ロシア/周辺大国の地政学的圧力
4-1 「近隣の巨象」としてのロシア
ロシアは日本にとって、直接の同盟関係を持たない数少ない大国の一つである。その存在は、北方領土問題や極東での軍事活動を通じて、常に日本の安全保障環境に影を落としてきた。
- 北方領土交渉:停滞したまま、事実上ロシアの軍事拠点化が進む。
- 極東軍事演習:日本海やオホーツク海での活動が常態化し、自衛隊のリソースを拘束。
- 資源カード:天然ガスや漁業権益を通じ、経済的に揺さぶりをかける。
これらは「戦争一歩手前」ではなく、「じわじわと圧をかける」戦術である。
4-2 ウクライナ戦争後の変化
ウクライナ侵攻以降、ロシアは西側からの制裁により孤立を深め、中国との結びつきを強めた。その結果、日本に対しても「米国陣営の一員」として対抗措置をとる傾向が増している。

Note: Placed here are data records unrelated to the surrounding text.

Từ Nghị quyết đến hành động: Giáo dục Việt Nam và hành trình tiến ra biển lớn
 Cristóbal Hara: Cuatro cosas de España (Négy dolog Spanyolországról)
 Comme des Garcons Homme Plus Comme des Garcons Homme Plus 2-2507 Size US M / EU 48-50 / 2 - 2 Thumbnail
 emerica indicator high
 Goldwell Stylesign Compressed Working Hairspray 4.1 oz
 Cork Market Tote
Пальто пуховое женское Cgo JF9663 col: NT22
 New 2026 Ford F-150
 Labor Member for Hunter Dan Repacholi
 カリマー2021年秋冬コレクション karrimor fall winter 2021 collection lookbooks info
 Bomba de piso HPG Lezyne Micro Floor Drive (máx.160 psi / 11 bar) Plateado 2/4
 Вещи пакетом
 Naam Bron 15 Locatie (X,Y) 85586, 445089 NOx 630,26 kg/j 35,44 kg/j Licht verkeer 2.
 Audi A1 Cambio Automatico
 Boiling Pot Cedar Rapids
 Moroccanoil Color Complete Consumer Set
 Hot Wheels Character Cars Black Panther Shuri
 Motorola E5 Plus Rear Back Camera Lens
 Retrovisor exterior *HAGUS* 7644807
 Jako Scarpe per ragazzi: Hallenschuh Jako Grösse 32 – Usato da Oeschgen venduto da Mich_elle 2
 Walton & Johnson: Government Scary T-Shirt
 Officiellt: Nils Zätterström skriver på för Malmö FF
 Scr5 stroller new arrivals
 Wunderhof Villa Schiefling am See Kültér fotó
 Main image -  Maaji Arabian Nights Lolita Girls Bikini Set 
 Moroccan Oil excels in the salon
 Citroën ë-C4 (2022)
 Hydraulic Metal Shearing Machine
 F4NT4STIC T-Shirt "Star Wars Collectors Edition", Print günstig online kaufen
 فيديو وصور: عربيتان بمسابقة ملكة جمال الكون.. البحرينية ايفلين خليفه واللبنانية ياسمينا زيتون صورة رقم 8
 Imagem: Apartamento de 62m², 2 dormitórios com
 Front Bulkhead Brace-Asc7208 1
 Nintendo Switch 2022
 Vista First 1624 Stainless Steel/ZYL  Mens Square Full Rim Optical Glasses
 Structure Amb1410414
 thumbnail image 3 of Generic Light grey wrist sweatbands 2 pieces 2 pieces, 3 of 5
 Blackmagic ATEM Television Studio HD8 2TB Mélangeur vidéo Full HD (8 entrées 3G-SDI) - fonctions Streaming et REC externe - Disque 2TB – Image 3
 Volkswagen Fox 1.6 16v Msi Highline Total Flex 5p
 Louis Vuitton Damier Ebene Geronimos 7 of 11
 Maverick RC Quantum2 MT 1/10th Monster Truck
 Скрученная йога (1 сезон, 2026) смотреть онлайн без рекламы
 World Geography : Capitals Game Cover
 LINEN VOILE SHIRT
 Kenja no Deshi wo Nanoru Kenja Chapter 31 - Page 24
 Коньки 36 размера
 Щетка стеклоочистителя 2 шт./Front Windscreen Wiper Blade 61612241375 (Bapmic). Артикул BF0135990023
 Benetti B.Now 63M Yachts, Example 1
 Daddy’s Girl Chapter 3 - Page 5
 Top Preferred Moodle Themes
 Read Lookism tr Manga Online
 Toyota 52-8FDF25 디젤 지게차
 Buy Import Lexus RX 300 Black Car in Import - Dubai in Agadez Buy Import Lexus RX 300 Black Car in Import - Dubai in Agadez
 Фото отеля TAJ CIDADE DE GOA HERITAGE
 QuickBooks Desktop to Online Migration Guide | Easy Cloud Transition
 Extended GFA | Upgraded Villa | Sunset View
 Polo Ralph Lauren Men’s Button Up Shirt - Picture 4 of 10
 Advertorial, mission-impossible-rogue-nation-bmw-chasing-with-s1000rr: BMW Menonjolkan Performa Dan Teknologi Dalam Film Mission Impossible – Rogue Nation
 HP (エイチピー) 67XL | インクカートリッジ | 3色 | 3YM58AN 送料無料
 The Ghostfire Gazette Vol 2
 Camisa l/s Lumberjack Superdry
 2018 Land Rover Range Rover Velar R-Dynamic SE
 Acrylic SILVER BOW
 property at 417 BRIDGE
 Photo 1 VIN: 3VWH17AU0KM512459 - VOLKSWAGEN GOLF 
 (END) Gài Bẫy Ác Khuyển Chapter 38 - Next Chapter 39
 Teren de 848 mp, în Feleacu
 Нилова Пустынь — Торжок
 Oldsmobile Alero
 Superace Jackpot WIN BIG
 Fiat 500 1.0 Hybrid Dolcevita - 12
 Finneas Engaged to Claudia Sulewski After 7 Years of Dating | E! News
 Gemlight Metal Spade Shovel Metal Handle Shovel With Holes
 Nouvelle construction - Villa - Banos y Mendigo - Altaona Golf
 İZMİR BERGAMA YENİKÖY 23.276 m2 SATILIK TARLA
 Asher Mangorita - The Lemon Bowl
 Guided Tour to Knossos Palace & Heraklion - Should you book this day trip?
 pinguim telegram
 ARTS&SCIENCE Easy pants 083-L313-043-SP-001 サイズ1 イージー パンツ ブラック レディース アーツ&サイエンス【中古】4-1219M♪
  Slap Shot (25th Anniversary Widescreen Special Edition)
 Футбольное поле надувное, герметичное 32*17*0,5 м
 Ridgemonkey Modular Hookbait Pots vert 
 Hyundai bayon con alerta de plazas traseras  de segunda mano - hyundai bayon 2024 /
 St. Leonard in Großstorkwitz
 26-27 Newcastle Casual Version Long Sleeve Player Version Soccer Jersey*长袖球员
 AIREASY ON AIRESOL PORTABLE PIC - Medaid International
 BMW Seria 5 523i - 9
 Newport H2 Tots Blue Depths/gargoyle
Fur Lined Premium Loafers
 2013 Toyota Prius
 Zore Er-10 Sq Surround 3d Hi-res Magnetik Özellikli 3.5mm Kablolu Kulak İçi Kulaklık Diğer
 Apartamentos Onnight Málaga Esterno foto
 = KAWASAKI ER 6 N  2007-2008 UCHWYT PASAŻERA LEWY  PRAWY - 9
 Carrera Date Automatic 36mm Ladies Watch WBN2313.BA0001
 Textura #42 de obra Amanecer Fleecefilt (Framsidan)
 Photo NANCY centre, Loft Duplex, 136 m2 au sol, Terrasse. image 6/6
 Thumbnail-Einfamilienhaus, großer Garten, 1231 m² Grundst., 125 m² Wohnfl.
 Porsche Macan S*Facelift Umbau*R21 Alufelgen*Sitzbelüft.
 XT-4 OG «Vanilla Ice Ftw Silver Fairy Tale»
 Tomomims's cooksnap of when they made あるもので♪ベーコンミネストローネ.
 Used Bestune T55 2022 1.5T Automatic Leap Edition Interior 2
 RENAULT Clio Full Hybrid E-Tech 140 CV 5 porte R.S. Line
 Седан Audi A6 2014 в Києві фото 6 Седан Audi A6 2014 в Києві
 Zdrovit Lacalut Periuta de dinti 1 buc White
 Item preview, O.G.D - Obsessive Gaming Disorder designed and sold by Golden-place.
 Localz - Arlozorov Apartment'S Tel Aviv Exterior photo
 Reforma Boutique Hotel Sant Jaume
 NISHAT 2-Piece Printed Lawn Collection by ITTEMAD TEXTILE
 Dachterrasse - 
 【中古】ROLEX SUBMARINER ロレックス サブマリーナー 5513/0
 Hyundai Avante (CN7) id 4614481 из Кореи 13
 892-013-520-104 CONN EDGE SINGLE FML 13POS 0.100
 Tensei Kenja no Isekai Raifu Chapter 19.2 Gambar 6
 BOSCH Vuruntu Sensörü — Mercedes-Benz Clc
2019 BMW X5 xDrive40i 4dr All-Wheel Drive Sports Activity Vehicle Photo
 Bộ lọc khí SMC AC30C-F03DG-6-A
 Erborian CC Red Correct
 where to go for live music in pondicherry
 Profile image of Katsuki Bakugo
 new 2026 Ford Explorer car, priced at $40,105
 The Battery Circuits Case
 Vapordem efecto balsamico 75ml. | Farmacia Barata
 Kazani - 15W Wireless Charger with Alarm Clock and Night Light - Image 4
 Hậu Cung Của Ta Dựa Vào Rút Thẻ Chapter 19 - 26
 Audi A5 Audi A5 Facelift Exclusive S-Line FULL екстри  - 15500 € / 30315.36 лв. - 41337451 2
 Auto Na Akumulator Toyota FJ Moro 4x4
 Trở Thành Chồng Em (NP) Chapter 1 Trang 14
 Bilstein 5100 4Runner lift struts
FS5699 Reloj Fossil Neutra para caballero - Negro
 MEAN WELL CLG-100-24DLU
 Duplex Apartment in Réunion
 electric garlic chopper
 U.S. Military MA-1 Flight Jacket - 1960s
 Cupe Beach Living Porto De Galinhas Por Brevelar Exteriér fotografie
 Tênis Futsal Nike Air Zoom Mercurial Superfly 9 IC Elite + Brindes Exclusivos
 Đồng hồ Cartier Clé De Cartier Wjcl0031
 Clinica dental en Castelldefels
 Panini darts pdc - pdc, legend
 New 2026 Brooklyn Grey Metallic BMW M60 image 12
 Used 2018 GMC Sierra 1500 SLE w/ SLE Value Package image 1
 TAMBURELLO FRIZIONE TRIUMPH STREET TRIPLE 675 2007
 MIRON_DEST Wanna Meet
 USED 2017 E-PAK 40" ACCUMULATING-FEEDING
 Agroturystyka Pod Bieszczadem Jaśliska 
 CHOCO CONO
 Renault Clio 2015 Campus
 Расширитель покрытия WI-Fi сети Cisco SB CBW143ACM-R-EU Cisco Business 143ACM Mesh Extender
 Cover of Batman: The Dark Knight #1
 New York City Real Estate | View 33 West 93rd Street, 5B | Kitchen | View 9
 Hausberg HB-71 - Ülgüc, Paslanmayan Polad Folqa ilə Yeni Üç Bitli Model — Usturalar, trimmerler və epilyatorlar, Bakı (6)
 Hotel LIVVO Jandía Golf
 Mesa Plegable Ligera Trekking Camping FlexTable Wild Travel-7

- 領空侵犯:自衛隊スクランブルの大半は中国機とロシア機が占める。
- 共同演習:中露合同演習が太平洋で実施され、日本の防衛線を試す。
- 外交圧力:平和条約交渉は凍結され、日本の「外交カード」はほぼ失われた。
4-3 ロシア以外の周辺大国
- 北朝鮮:ミサイル発射実験を繰り返し、日本の防衛力を常に緊張させる。
- 韓国:歴史問題や領土問題で対立を抱えつつ、経済・安全保障では利害が絡む微妙な隣人。
- 台湾問題:中国が台湾に圧を強めるほど、日本は「巻き込まれるリスク」を負う。
周辺国はいずれも、日本に「選択と集中」を強制する存在である。
4-4 梅花心易の象徴解釈
このテーマで立てた卦は 山天大畜(さんてんたいちく)。
- 山=重み、障害、蓄え。
- 天=秩序、大局。
- 大畜=大きな力を蓄えて抑制する。
象意としては「巨大な力が蓄積され、突破は困難。しかし抑止も効いている」。
つまりロシアや周辺大国は「常に圧力を与えるが、決定的破局には至らない」という構図だ。日本にとっては「消耗戦」こそが最大のリスクとなる。
4-5 霊的次元での読み解き
- 人間的都合:軍事プレゼンスによる現実的圧力。
- ネガティブな側面:終わりのない緊張が社会を疲弊させ、内政の足を引っ張る。
- 神意的側面:外圧は「日本が精神的強靭さを鍛える試練」として現れている。
「大畜」の卦は「力を使い切らず、蓄えて耐える」ことを示唆する。すなわち、日本は周辺大国と真正面からぶつかるより、内面の結束を強めて「耐える力」を養うべきだと読める。
4-6 今後の展望
- 短期(〜2026年):中露合同演習や北の挑発で、緊張は高止まり。だが戦争には至らない。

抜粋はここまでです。